*** Opening Dataset entries ***
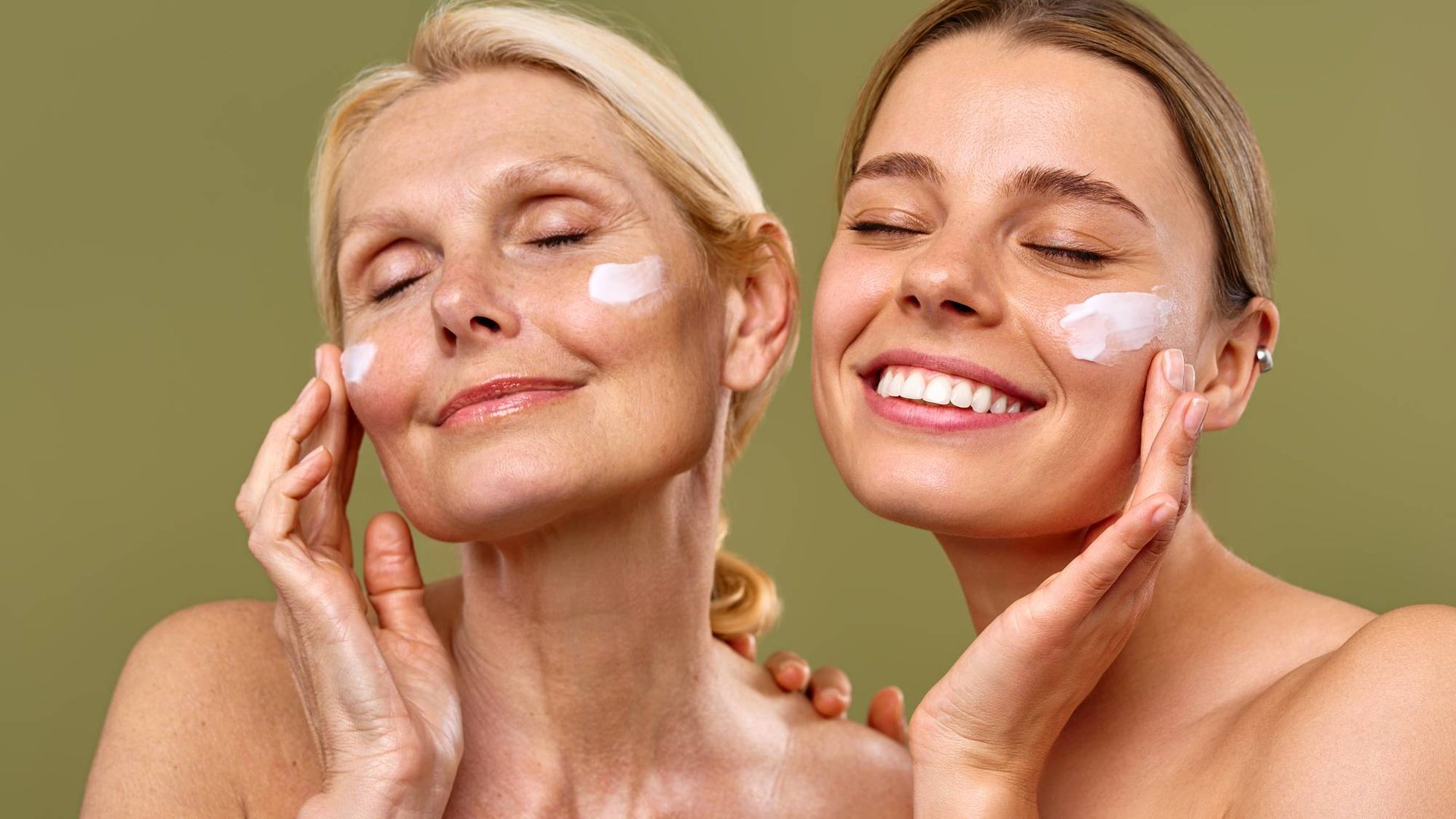 Blonde, lächelnde Mutter und Tochter mit geschlossenen Augen und Anti-Aging-Creme auf den Wangen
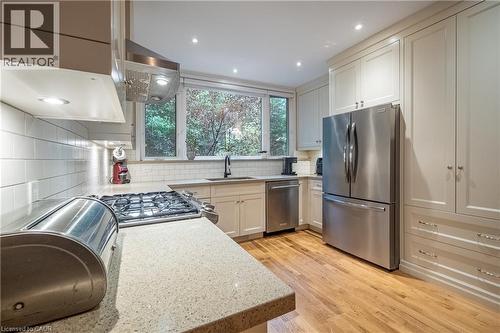 Kitchen featuring wood-finish flooring, recessed lighting, white subway tile backsplash, and stainless steel appliances - 283 Plains Road W, Burlington, ON 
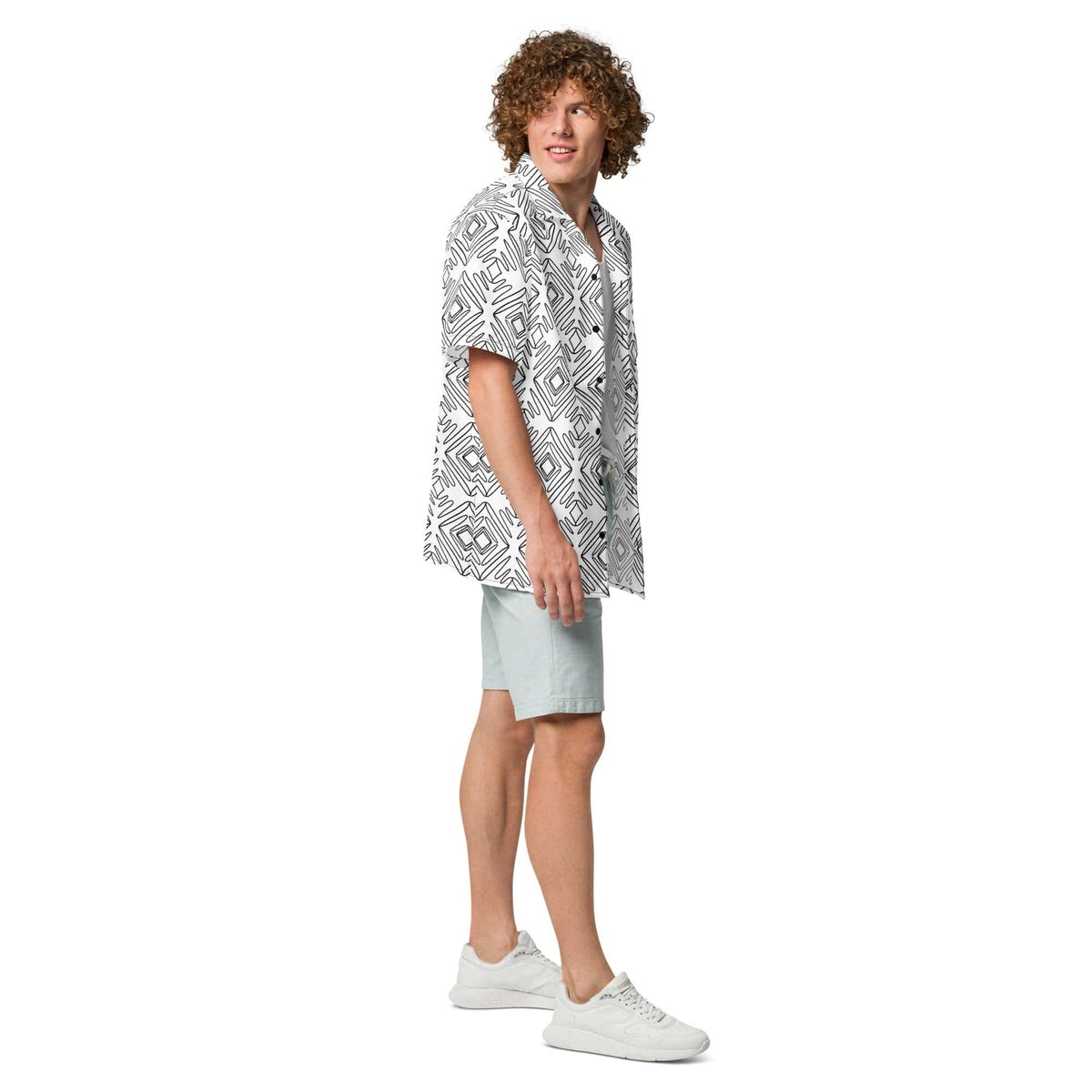 Unisex button-up shirt shown in profile, white with black doodle geometric print
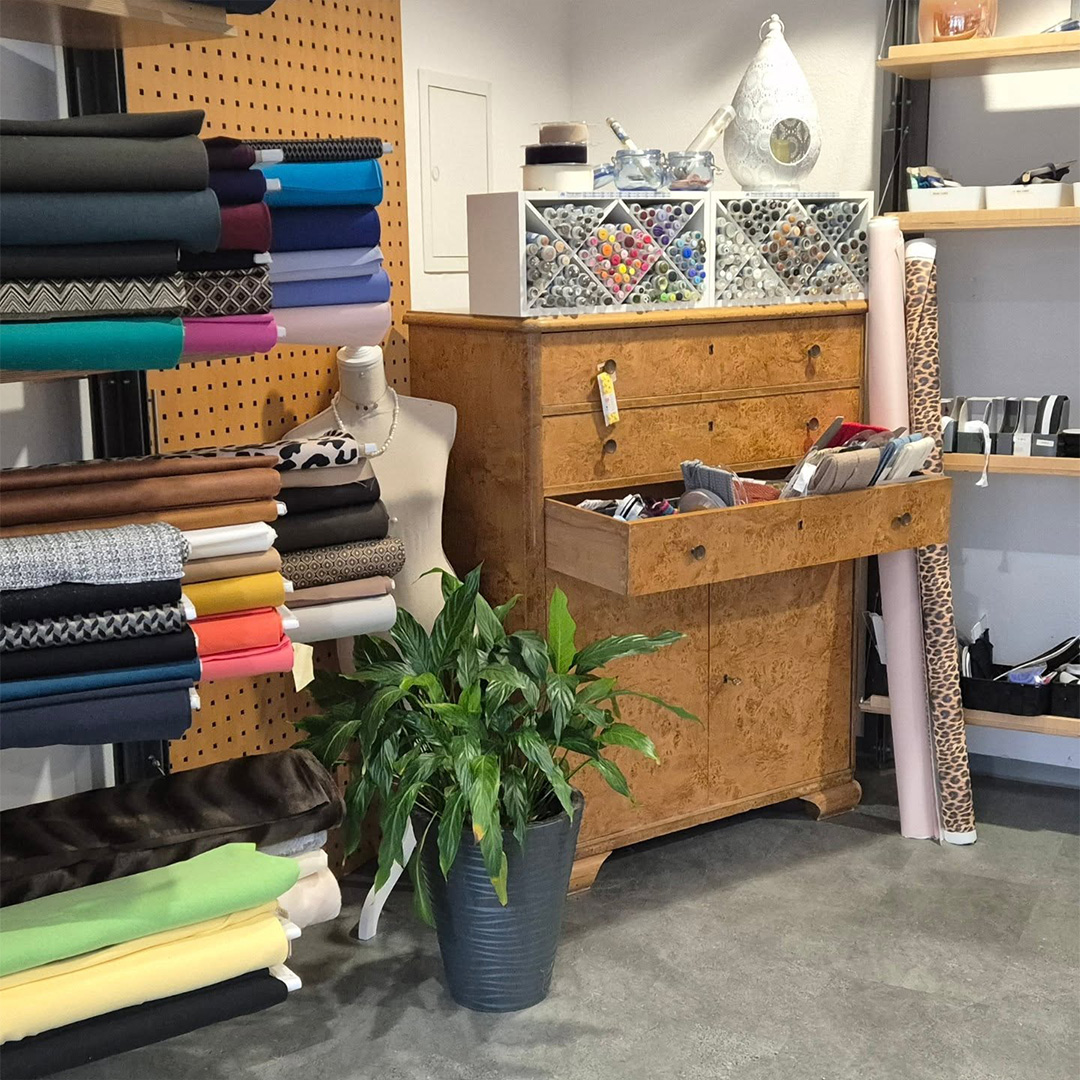 Bunte Stoffrollen, Schneiderei-Werkstatt und Stoffauswahl bei Knopfloch Stoffe & Änderungsschneiderei: Mannequin, Schubladen und grüne Deko.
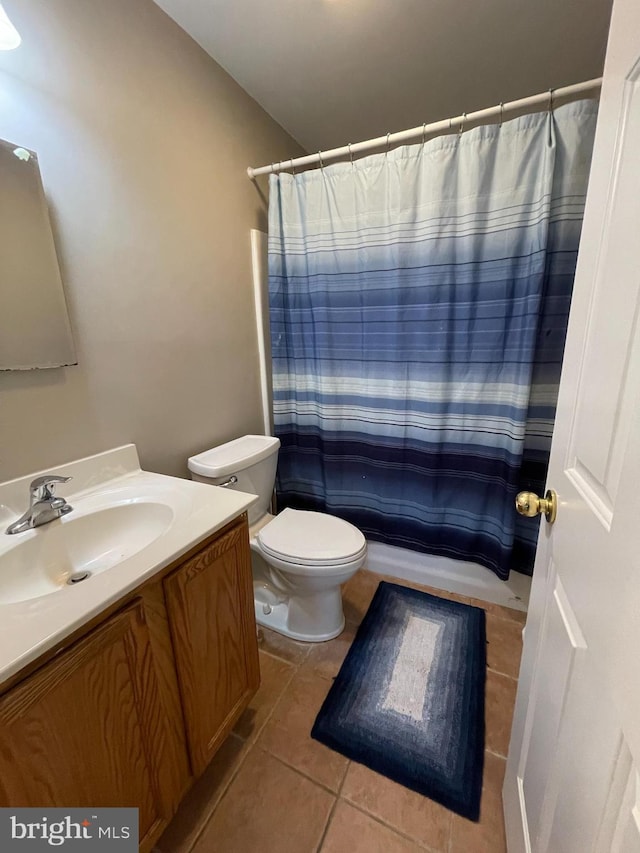 103 N W St, Harrington, DE 19952 - bathroom featuring tile patterned floors and vanity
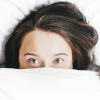 frustrated woman hiding in bed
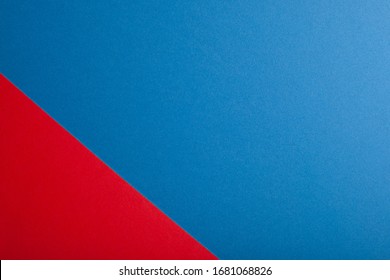 Red and blue paper background, texture, copy space.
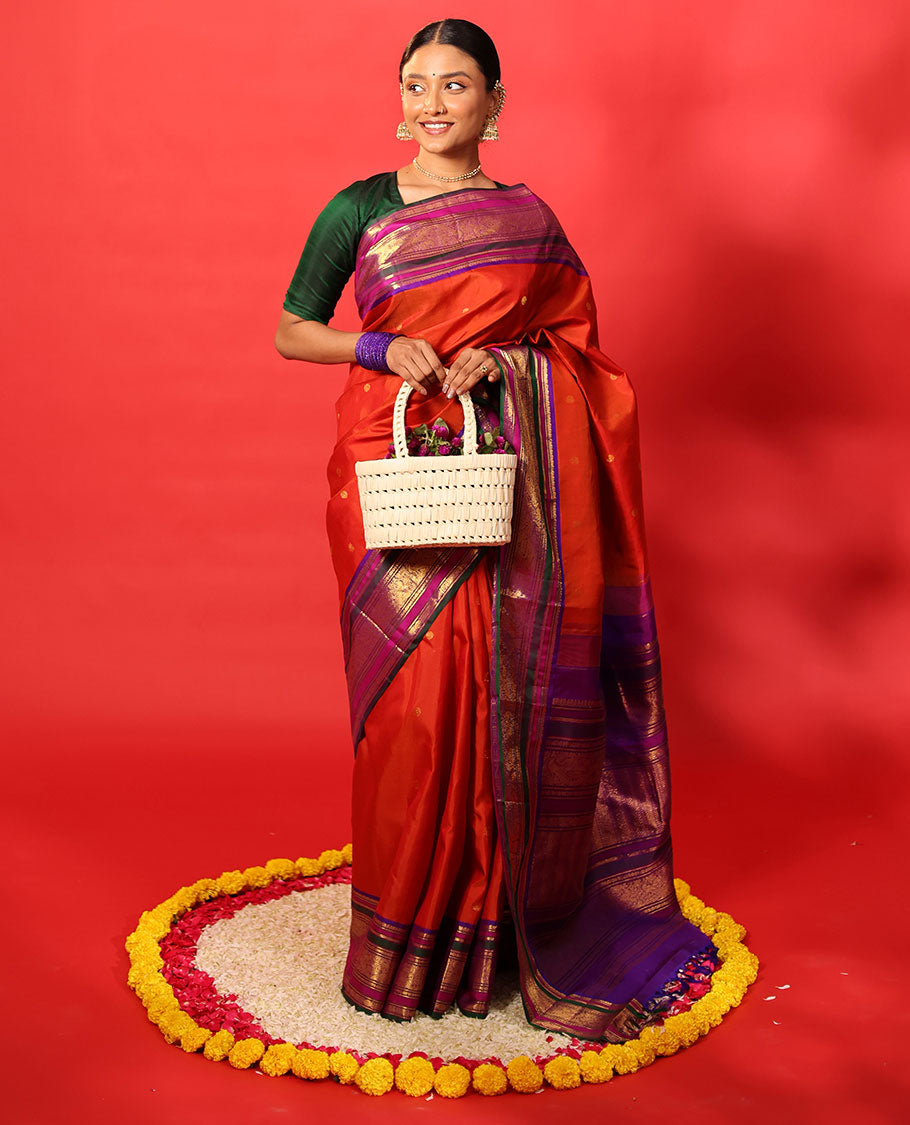 Orange zari buttas Kanchipuram silk saree, contrast border of manga mokku, banaras, kamalam, manga, rekku, mayil, and poun designs geometric patterned pallu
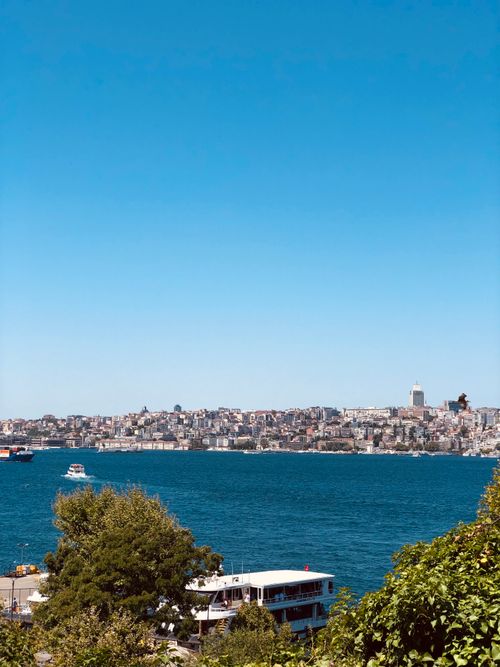 Free Scenic view of a city skyline across a blue harbor on a clear day. Stock Photo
*** Closing Dataset entries ***
■ Exercise goal: From the line that contains "frustrated woman hiding in bed" to the final line of the entries, reproduce every line exactly, both ends included. Leave out all pictures.

■ Written solution:
 frustrated woman hiding in bed
 Red and blue paper background, texture, copy space.
 Orange zari buttas Kanchipuram silk saree, contrast border of manga mokku, banaras, kamalam, manga, rekku, mayil, and poun designs geometric patterned pallu
 Free Scenic view of a city skyline across a blue harbor on a clear day. Stock Photo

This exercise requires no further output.